= Task =
Write out exactly the lines from the one containing "RED LOGO Women's" to the end of the material, both ends included, and nothing else. Leave pictures out.

━━ Provided data

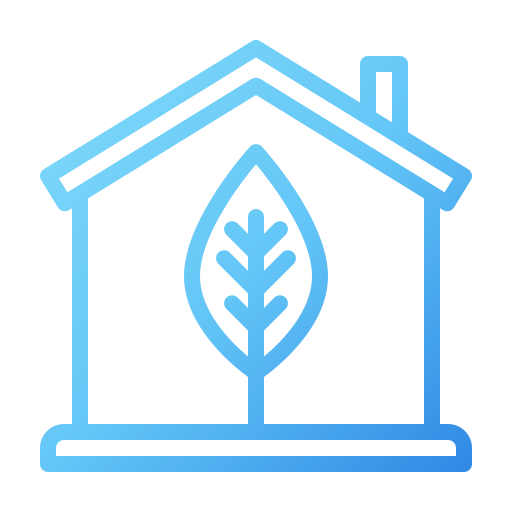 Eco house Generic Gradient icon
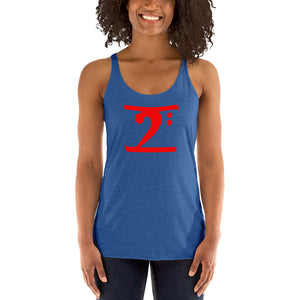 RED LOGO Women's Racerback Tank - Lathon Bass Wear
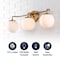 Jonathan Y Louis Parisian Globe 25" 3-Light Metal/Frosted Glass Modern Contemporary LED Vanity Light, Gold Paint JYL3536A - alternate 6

━━━━

= Response below =
 RED LOGO Women's Racerback Tank - Lathon Bass Wear
 Jonathan Y Louis Parisian Globe 25" 3-Light Metal/Frosted Glass Modern Contemporary LED Vanity Light, Gold Paint JYL3536A - alternate 6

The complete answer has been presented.